= Instructions for the task =
Please give back each line below unchanged; none of the pictures should appear.

= Records supplied =
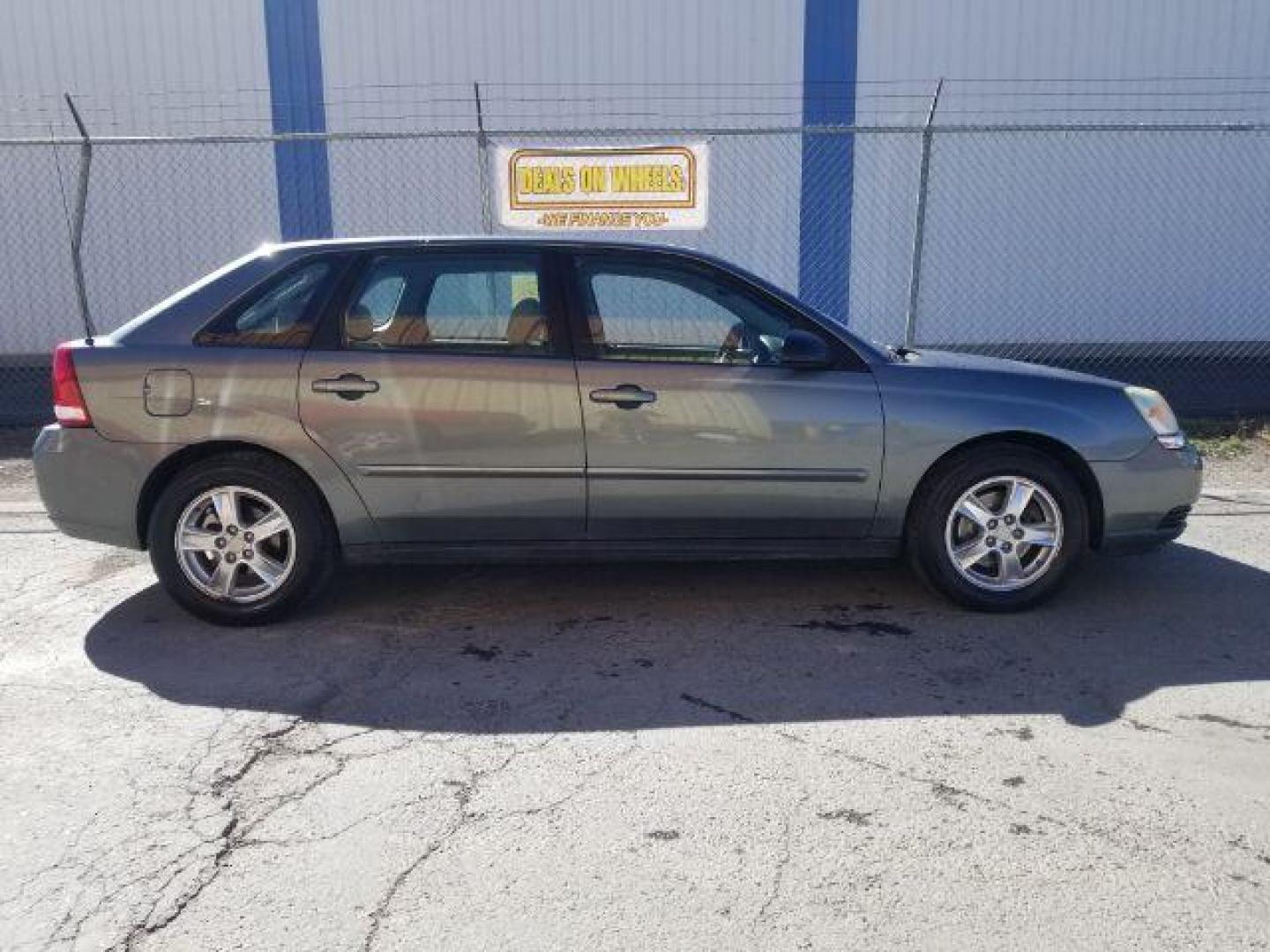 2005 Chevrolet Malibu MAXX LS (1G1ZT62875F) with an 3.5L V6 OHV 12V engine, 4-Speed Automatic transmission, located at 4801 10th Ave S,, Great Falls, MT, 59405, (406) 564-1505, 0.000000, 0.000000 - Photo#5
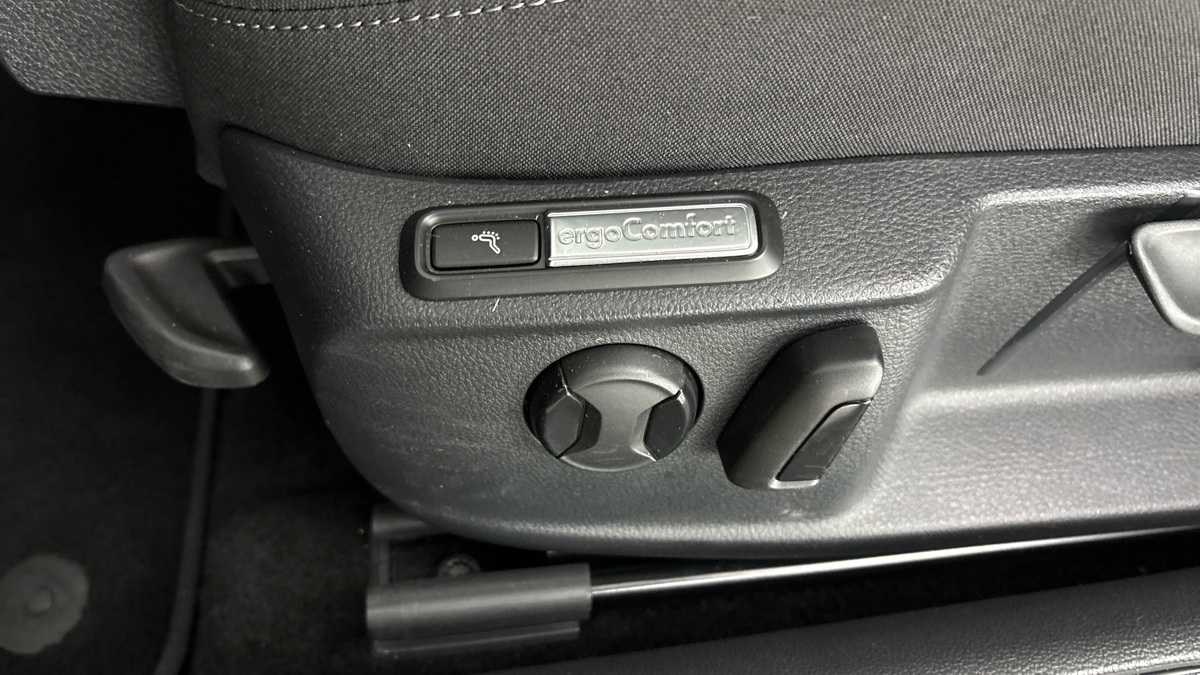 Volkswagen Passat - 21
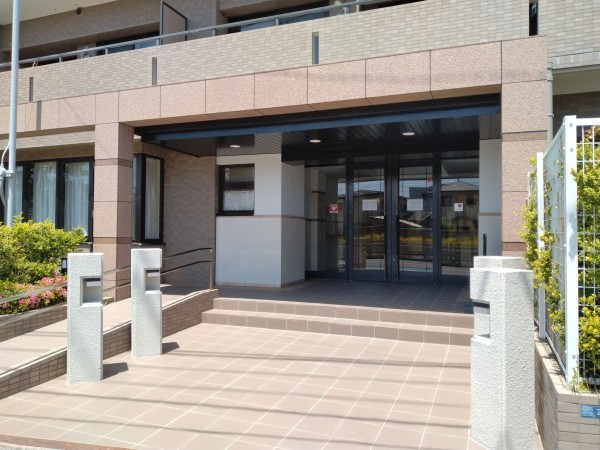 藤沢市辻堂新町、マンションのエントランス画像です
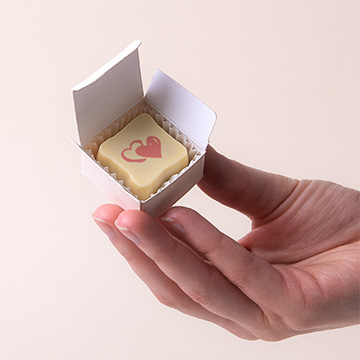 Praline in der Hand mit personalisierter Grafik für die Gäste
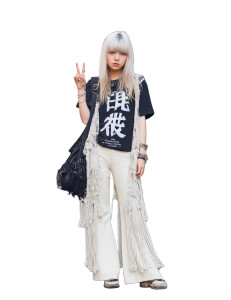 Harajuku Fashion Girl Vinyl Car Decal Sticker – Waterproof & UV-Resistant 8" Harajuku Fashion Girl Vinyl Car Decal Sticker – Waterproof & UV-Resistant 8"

= Exercise solution =
 2005 Chevrolet Malibu MAXX LS (1G1ZT62875F) with an 3.5L V6 OHV 12V engine, 4-Speed Automatic transmission, located at 4801 10th Ave S,, Great Falls, MT, 59405, (406) 564-1505, 0.000000, 0.000000 - Photo#5
 Volkswagen Passat - 21
 藤沢市辻堂新町、マンションのエントランス画像です
 Praline in der Hand mit personalisierter Grafik für die Gäste
 Harajuku Fashion Girl Vinyl Car Decal Sticker – Waterproof & UV-Resistant 8" Harajuku Fashion Girl Vinyl Car Decal Sticker – Waterproof & UV-Resistant 8"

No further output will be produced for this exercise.